Bio im Politik-Jargon hat hingegen einen unangenehm-unappetitlichen Geschmack, etwa, wenn zur Kennzeichnung von Ethnien oder Nationalitäten das Wörtchen Bio Deutsche herausheben soll, die keinen Migrationsbezug haben, solche, die seit Generationen schon hier leben und nicht erst seit einigen Jahrzehnten. Menschen, die oder deren Familien erst vor einigen Jahren oder Jahrzehnten nach Deutschland gekommen sind, Arbeitsmigranten, Flüchtlinge, Aussiedler – sie alle sind nach diesem schrecklichen Sprachgebrauch keine Bio-Deutschen. In ihren Adern fließt kein bio-deutsches Blut. Bio-Deutsch ist ein Begriff aus der Sprache der Blut-und-Boden-Deutschen, der Sprache von Rassisten.
Das völkische Gedankengut, die rassistische Sprache, ein spaltarischer Ton dringen immer weiter in die Gesellschaft ein, werden gesellschaftsfähig, weil sich auch Menschen der vermeintlich bürgerlichen Mitte daran beteiligen, völkisches Gedankengut in einer unsäglichen und bislang unsagbaren Sprache hoffähig zu machen.
Annette Ramelsberger schrieb gestern in der Süddeutschen: “Wenn die nationalsozialistische Schreckensherrschaft mit ihren Millionen Toten nur noch ein ‘Vogelschiss’ der erfolgreichen deutschen Geschichte gewesen sein soll. Wo vom ‘Denkmal der Schande’ die Rede ist, wenn es um das Mahnmal für die Toten des Holocaust geht. Wenn ständig dazu aufgerufen wird, das deutsche Volk müsse sich wehren gegen demokratische Politiker, die es, wahlweise, ausrotten oder verkaufen oder versklaven wollten, und gegen Ausländer, die angeblich die Vorherrschaft in Europa anstreben – dann fühlen sich rechtsradikale Gewalttäter dazu legitimiert, genau das zu tun: sich zu wehren, mit Waffengewalt.”

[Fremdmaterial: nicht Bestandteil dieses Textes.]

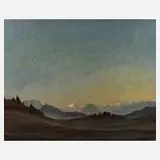 Christian Gotthard Hirsch, Schwarzwald Alpenblick, 1949, Öl auf Leinwand und Keilrahmen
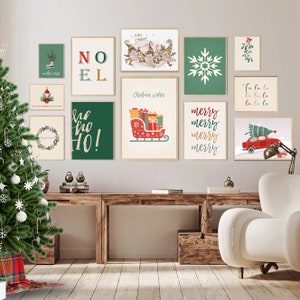 Beige groene kerstprints set, vintage kerstmuurdecoratie, kerstgalerij muurset, rustieke afdrukbare muurkunst, boho kerstversiering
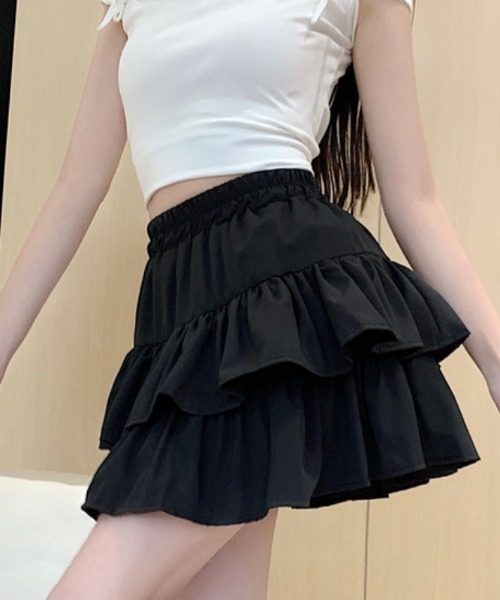 LUCPY(ラクピー)の「ボリュームティアードフリルミニスカート(スカート・レディース・ブラック/ホワイト・X-LARGE/LARGE/MEDIUM/SMALL)」の4枚目の写真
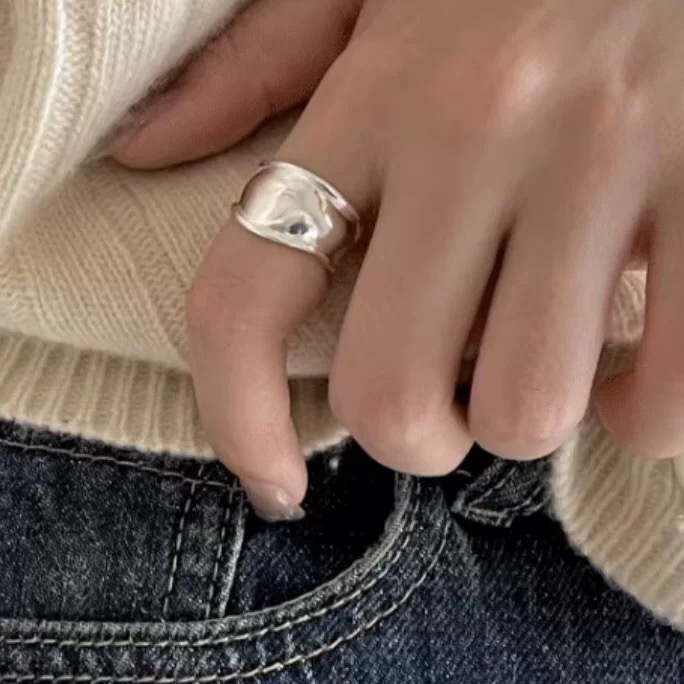 Tiffany Co Elsa Peretti Bone Cuff Ring ring polished sterling silver no accent stones adjustable open band
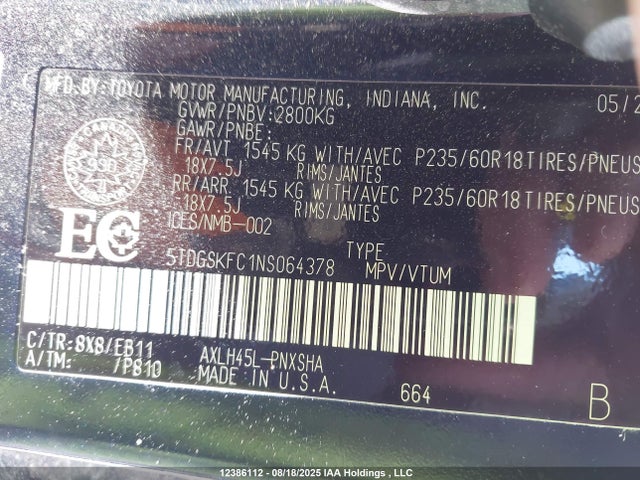 5TDGSKFC1NS064378 Toyota a25a-fxs, 5nm, 4nm
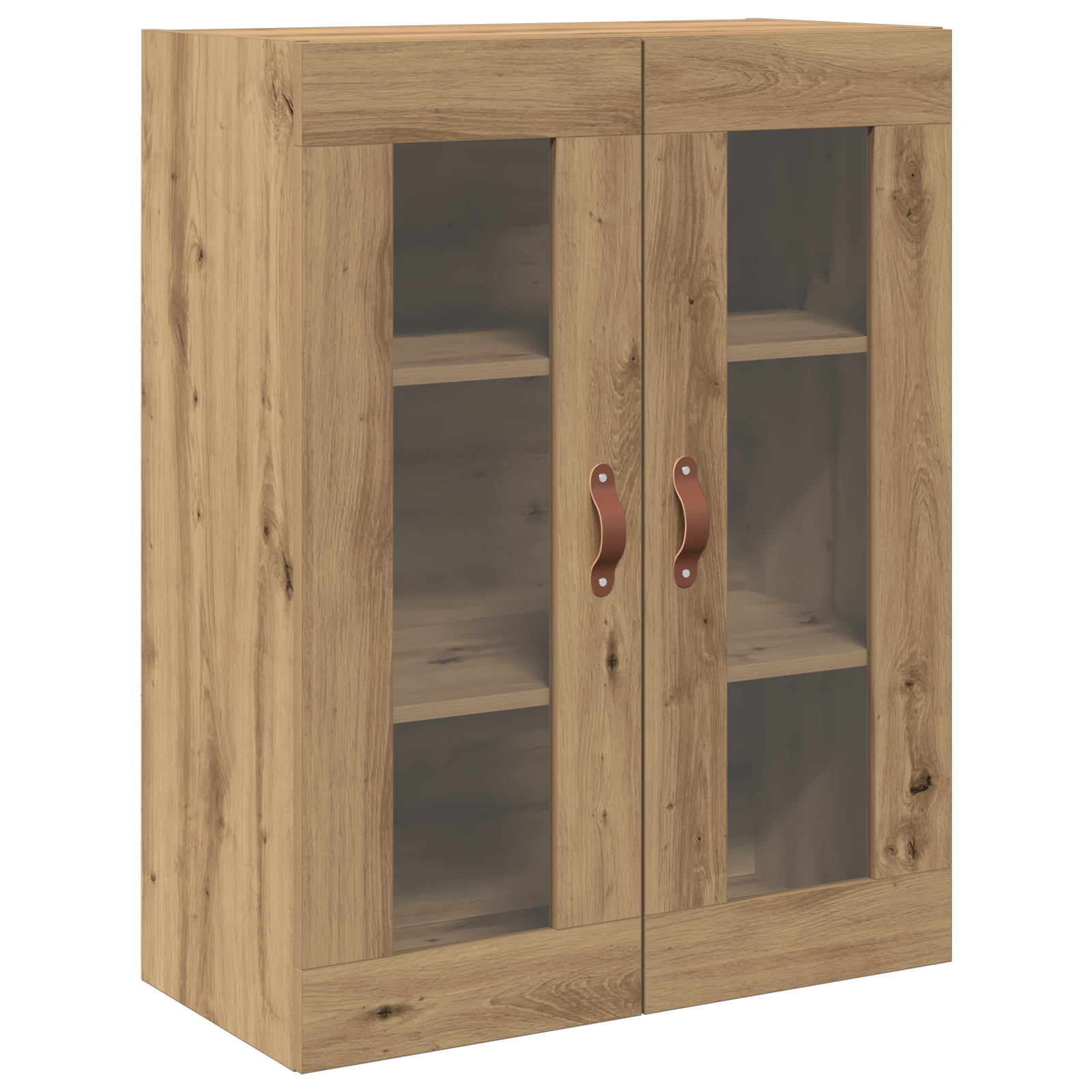 Wall-Mounted Cabinet with Glass Doors Artisan Oak 69,5x34x90 cm - Image 2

Wenn ein Fraktionsvorsitzender im Wermelskirchener Stadtrat in Facebook verschwörungstheoretisch raunt, auf Parteitagen und in den Parlamenten werde nicht mehr entschieden, sondern lediglich noch in “obskuren Zirkeln des Systems Merkel”, dann macht er sich ebenso mitschuldig an der Veränderung des gesellschaftlichen Klimas, das die Heckenschützen auf den Plan ruft, die Killer, die Sonderlinge, die sich in ihrem Wahn lange schon von der gesellschaftlichen Wirklichkeit verabschiedet haben.

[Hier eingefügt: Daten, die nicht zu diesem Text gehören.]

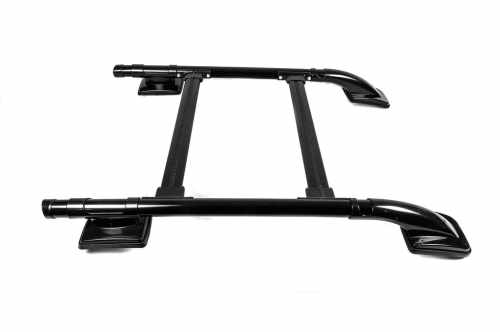 Рейлінги Toyota Hilux AN120 2015+, чорні, Shark, з поперечинами, Erkul (2 шт)
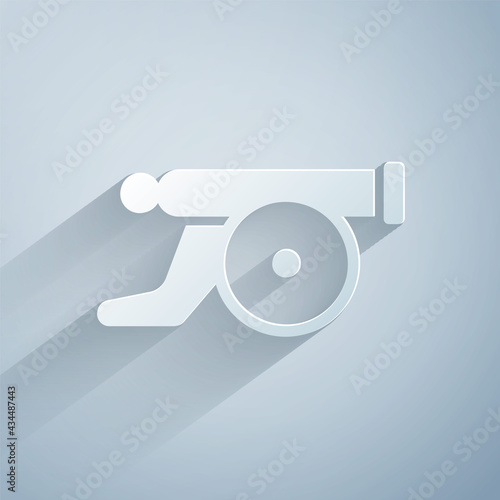 Paper cut Ramadan cannon icon isolated on grey background. Paper art style. Vector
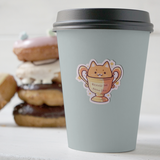 Orange Cat Brain Cell Sticker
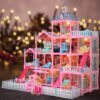 Huge Doll House - 285 PCS Girl Toys Large-Scale Dollhouse 12 Rooms Playhouse with LED Lights Furniture and Accessories, Big Doll House for Princess Age 3-8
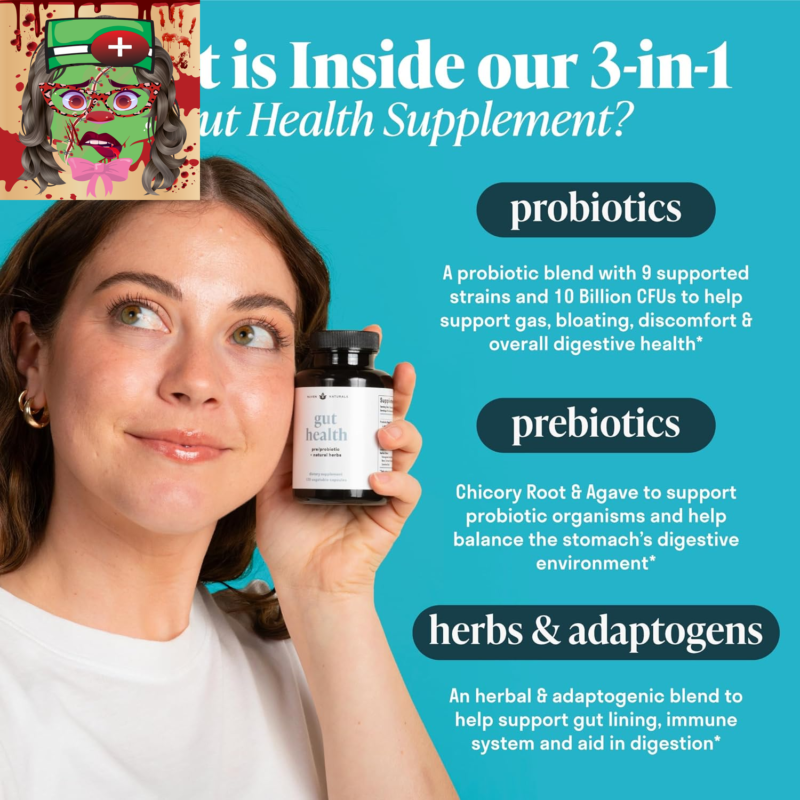 All-In-One Gut Health W/Probiotics, Prebiotics, Digestion-Supporting Herbs, and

Der nämliche Fraktionsvorsitzende hat, ebenfalls auf Facebook, seinerzeit diesen Satz formuliert: „Jedem Grünen und Tiefroten scheint bei jedem ankommenden Flüchtling hier vor lauter Freude die Sonne aus dem Hintern, weil sie damit ihrem Ziel, unseren Staat und unsere Gesellschaft mittels Multikulti kaputt zu machen, einen Schritt näher kommen.“ Eine derartig beleidigende, menschenverachtende und vor lauter Verschwörungsideen triefende Formulierung ließe man nicht einmal jemandem aus dem Fußvolk einer rechten Partei durchgehen. Aus den Reihen seiner Fraktion oder seiner Partei war indes keine einzige Stimme zu vernehmen, die sich vom Gedankengut des Fraktionsvorsitzenden deutlich absetzte. Der Autor dieses Satzes und alle, die ihn durchgehen ließen, haben sich an der Verschärfung des gesellschaftlichen Klimas in unserem Land vergangen.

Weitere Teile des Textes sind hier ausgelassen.